Como si también un destino bromista estuviera organizando la secuencia de sus actos, la reflexión de Anthony se vio interrumpida por una voz a un tiempo temblorosa y alegre.

—¡Tony, has vuelto! ¡Alabado sea Dios! ¿Ya no corres peligro?

—No lo sé, Lilí. Pero tenía que venir, a cualquier precio.

—¿Por mí?

—No te quiero mentir: no eres tú la razón por la que estoy aquí. Y ya que nos hemos encontrado, quiero aprovechar el encuentro para aclarar entre nosotros lo que pasó ayer.

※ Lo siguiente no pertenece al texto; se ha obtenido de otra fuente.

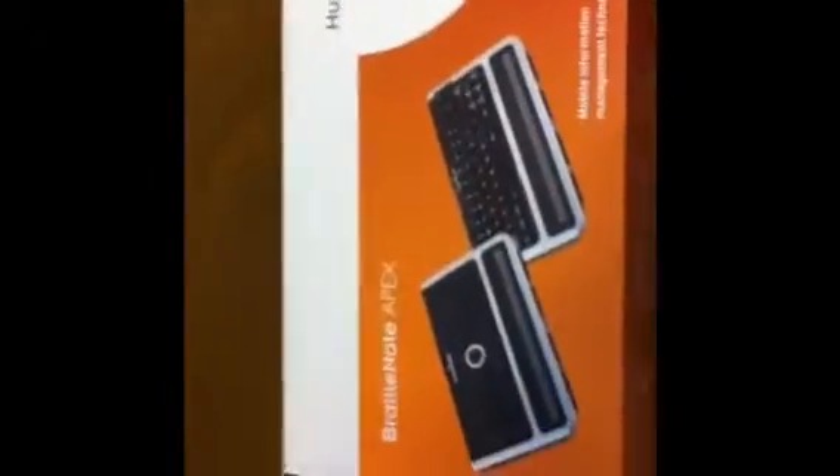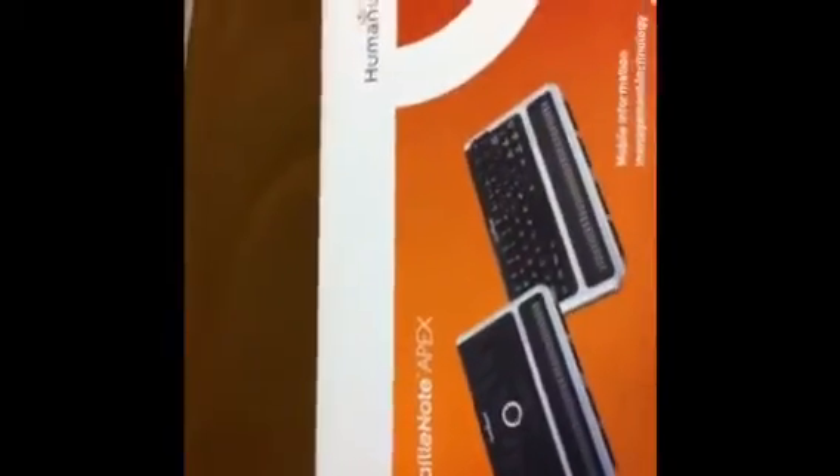Hi guys, it's finally here — my BrailleNote Apex, still in the box, brand new. So what are we going to do? We're going to unbox it. It's a pretty big box, and this is the BT32 model.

Lilí se acercó al inglés y le puso la palma de la mano en la boca.

—No digas nada. Los protestantes os creéis en la obligación de decir cosas desagradables. Pensáis que algo amargo o hiriente o brutal, por fuerza ha de ser verdadero. Pero las cosas no son así. Los milagros y los cuentos de hadas no son un engaño, sino una ilusión. Quizás el cielo también sea sólo eso, una ilusión. Y aun así, nos ayuda a vivir. La verdad no puede ser una ilusión rota. Yo no te pido ninguna explicación, no te reprocho nada, no te exijo nada. Pero la esperanza no me la puedes quitar, Tony. No hoy, ni mañana, pero quizás algún día las cosas serán distintas. Entonces, si he sobrevivido y tú me llamas, iré adonde tú digas y haré lo que tú quieras. Hasta ese momento, real o imaginario, sólo te pido un silencio cariñoso. Y que no le cuentes nada a nadie. ¿Prometido?

Sin darle tiempo a responder, irrumpió en el vestíbulo don Álvaro del Valle, duque de la Igualada, acompañado del mayordomo. Sin que de la actitud de ambos se desprendiera ninguna intimidación, Anthony se sintió repentinamente turbado. Hasta aquel momento la decisión de acudir al palacete y enfrentarse al duque en su terreno se había mantenido tan firme como cuando la había tomado la noche anterior en el despacho del Jefe de Gobierno; sin embargo, llegada la ocasión, no acertaba a explicarse la causa de su presencia ni el procedimiento a seguir. Tampoco el duque parecía seguro de cuál había de ser su conducta. Finalmente, optó éste por abordar el diálogo sin rodeos.